[[ EXCERPTED DATA, beginning ]]

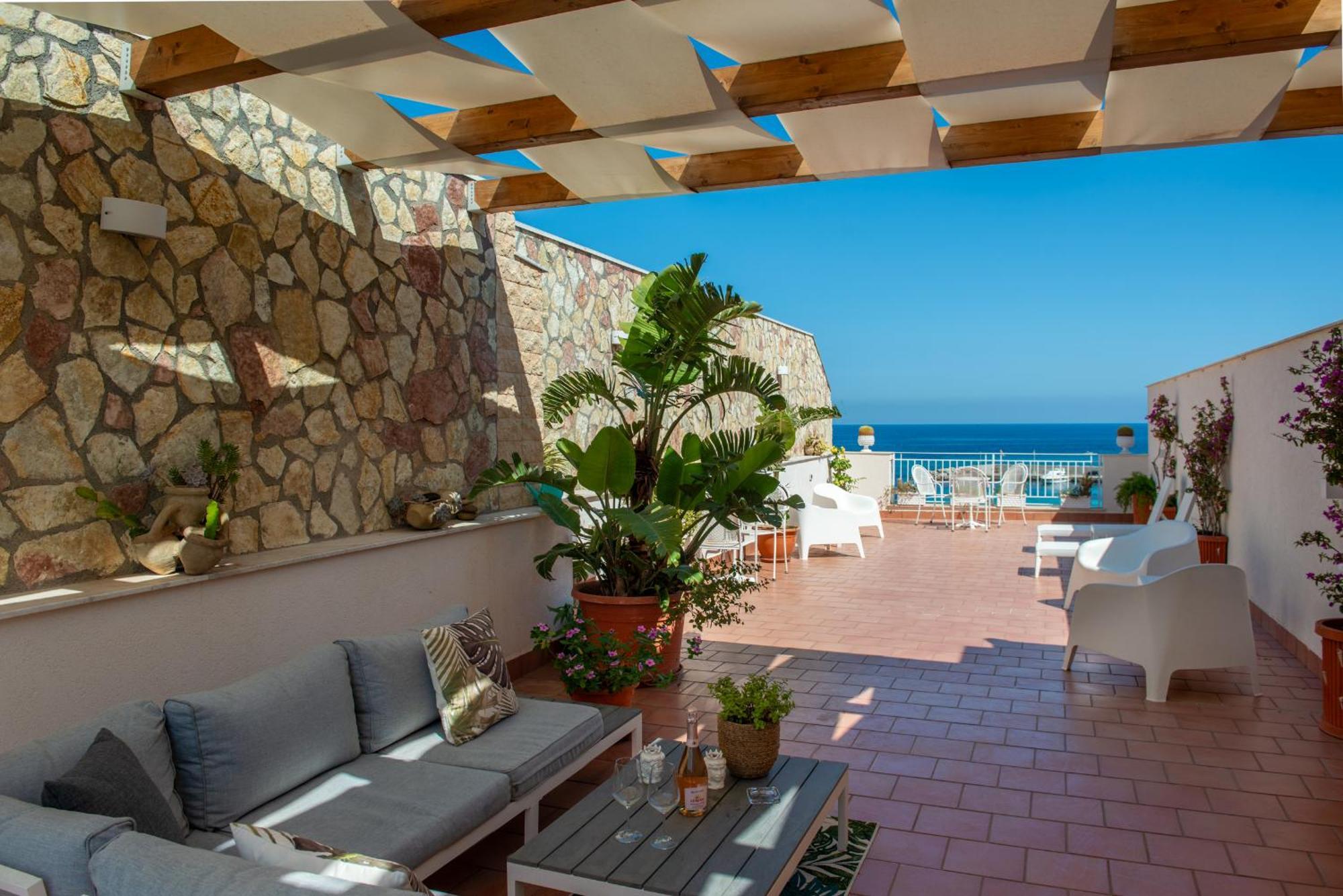 Palermo Mare Holidays Sferracavallo Exterior photo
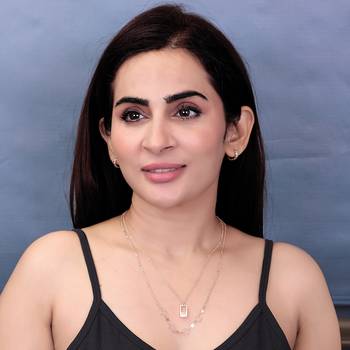   rosegold-plated lock shaped cz studded layered chain necklace 2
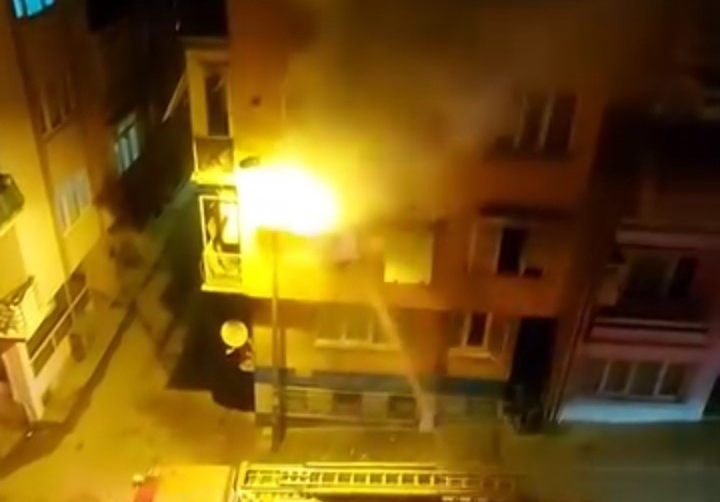 Bursa'da bir binanın balkonunda
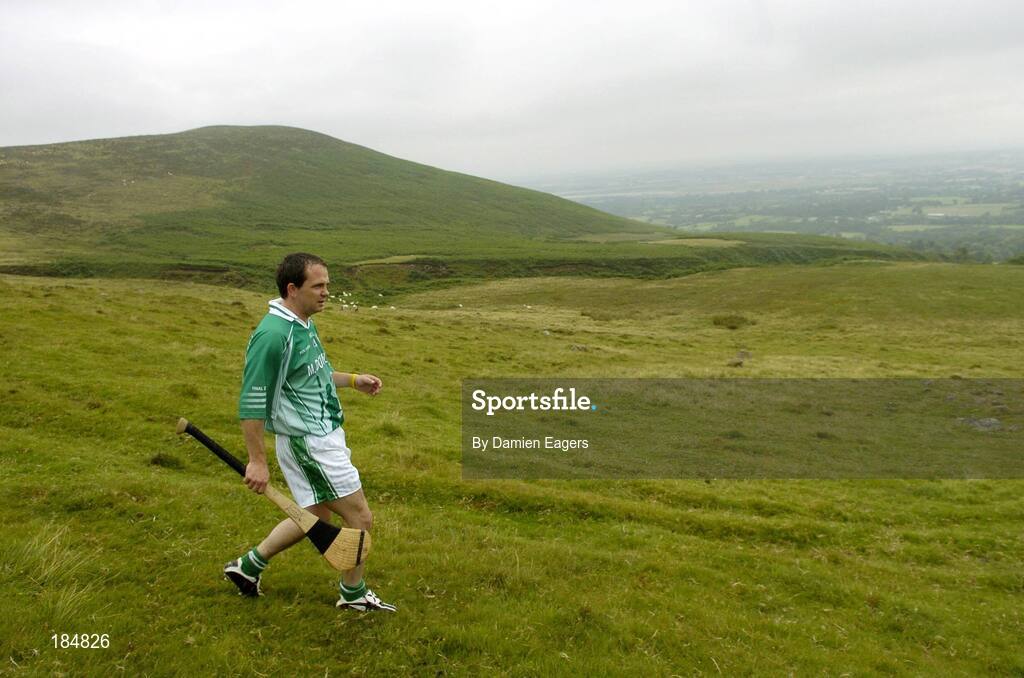 30 July 2005; David Fitzgerald representing Clare pictured during the M Donnelly Poc Fada na hEireann Final. Annaverna Mountain Ravensdale, Cooley Mountains, Co. Louth. Picture credit; Damien Eagers / SPORTSFILE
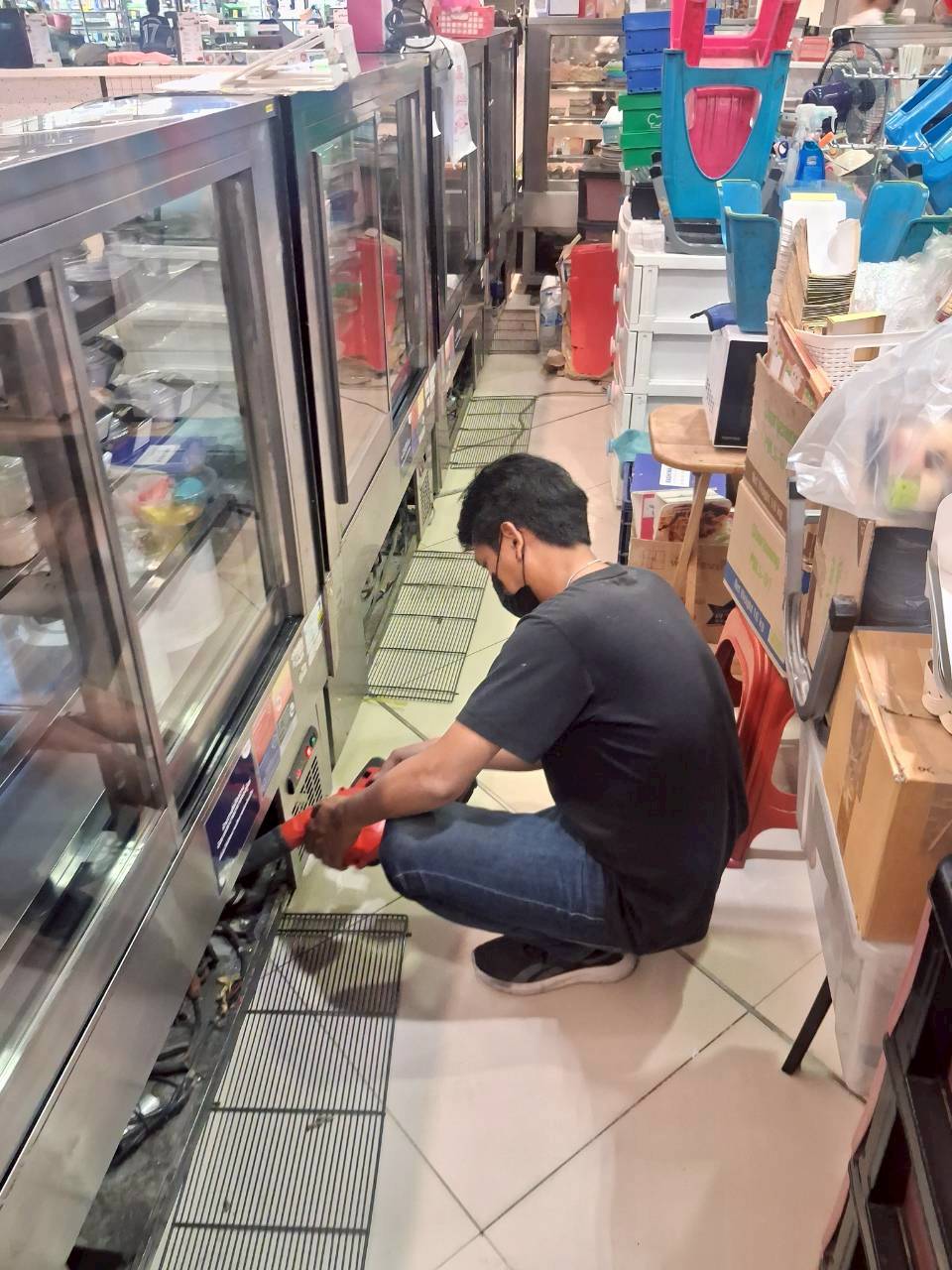 ภาพผลงานเต็มหน้าจอ: งาน PM - ตู้แช่เค้ก กระจกโค้ง (FloraCG1500)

[[ EXCERPTED DATA, end ]]

TASK DETAILS:
The expected output is each record, copied exactly, and nothing in place of the pictures.

OUTPUT OF THE TASK:
 Palermo Mare Holidays Sferracavallo Exterior photo
   rosegold-plated lock shaped cz studded layered chain necklace 2
 Bursa'da bir binanın balkonunda
 30 July 2005; David Fitzgerald representing Clare pictured during the M Donnelly Poc Fada na hEireann Final. Annaverna Mountain Ravensdale, Cooley Mountains, Co. Louth. Picture credit; Damien Eagers / SPORTSFILE
 ภาพผลงานเต็มหน้าจอ: งาน PM - ตู้แช่เค้ก กระจกโค้ง (FloraCG1500)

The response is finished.